Your goal: Each entry should be transcribed exactly as written, and any picture left out.

Data under study:
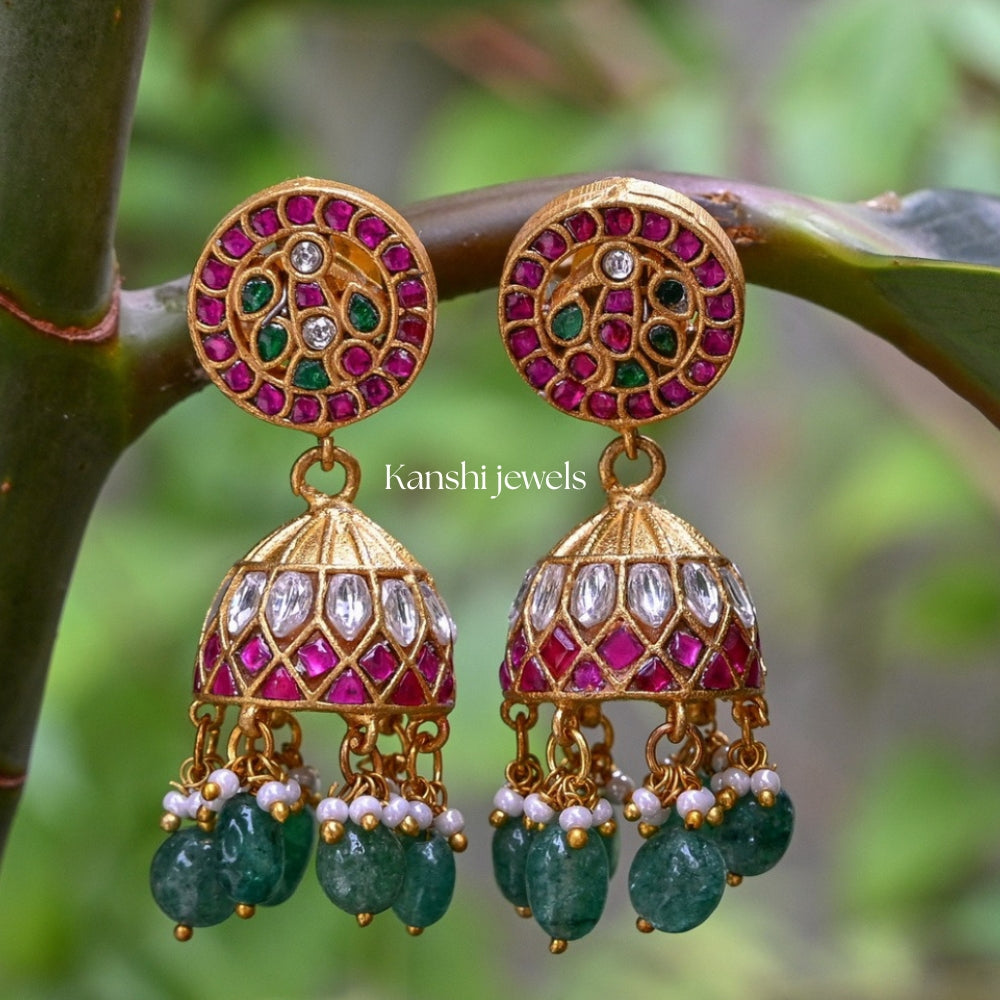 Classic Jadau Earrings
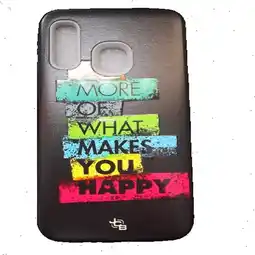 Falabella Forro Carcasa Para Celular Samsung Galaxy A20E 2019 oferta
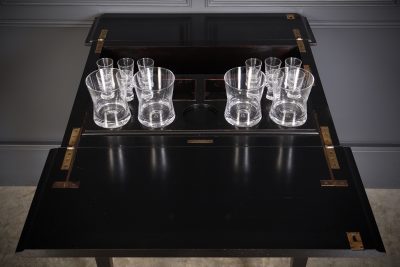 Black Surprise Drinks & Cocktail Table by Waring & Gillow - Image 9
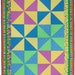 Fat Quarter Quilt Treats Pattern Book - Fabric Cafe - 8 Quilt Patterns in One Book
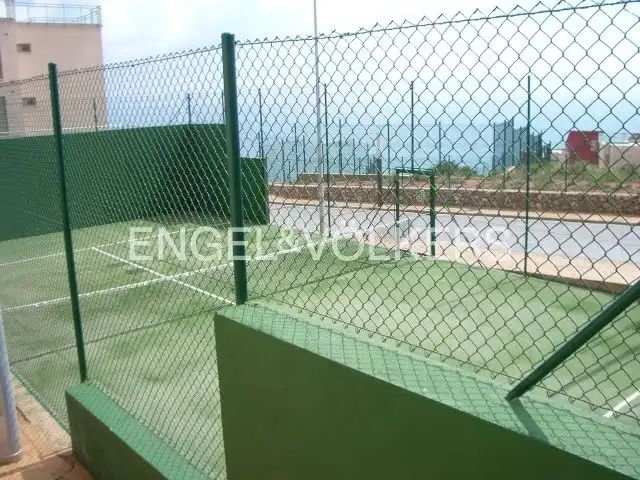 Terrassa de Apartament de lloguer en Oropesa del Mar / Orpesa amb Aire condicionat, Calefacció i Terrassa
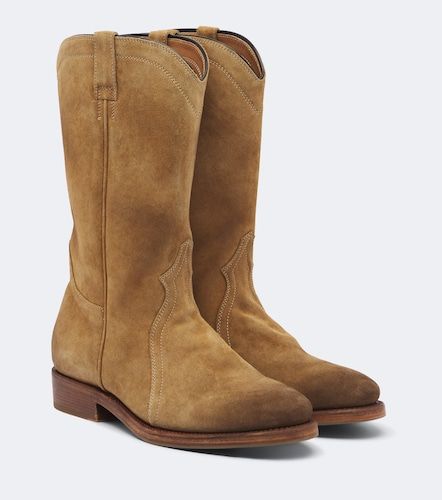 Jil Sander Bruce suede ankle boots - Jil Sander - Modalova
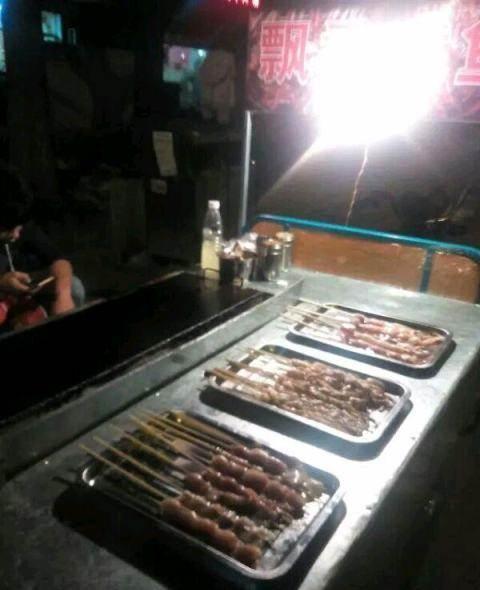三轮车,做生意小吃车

Finished task:
 Classic Jadau Earrings
 Falabella Forro Carcasa Para Celular Samsung Galaxy A20E 2019 oferta
 Black Surprise Drinks & Cocktail Table by Waring & Gillow - Image 9
 Fat Quarter Quilt Treats Pattern Book - Fabric Cafe - 8 Quilt Patterns in One Book
 Terrassa de Apartament de lloguer en Oropesa del Mar / Orpesa amb Aire condicionat, Calefacció i Terrassa
 Jil Sander Bruce suede ankle boots - Jil Sander - Modalova
三轮车,做生意小吃车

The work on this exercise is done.